→ Input material

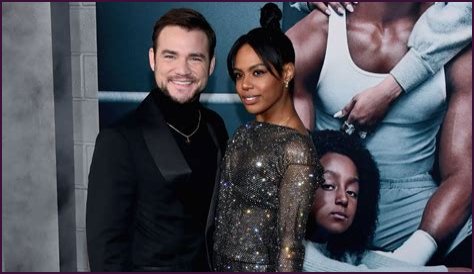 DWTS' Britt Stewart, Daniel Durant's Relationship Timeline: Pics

--

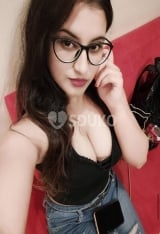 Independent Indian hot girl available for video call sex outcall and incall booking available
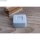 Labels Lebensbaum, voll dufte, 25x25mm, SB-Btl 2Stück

→ To do
Pictures excluded, give again exactly and only the lines of the material above from the line with "Independent Indian hot" through the line with "Labels Lebensbaum, voll".

→ Result of the task
 Independent Indian hot girl available for video call sex outcall and incall booking available
 Labels Lebensbaum, voll dufte, 25x25mm, SB-Btl 2Stück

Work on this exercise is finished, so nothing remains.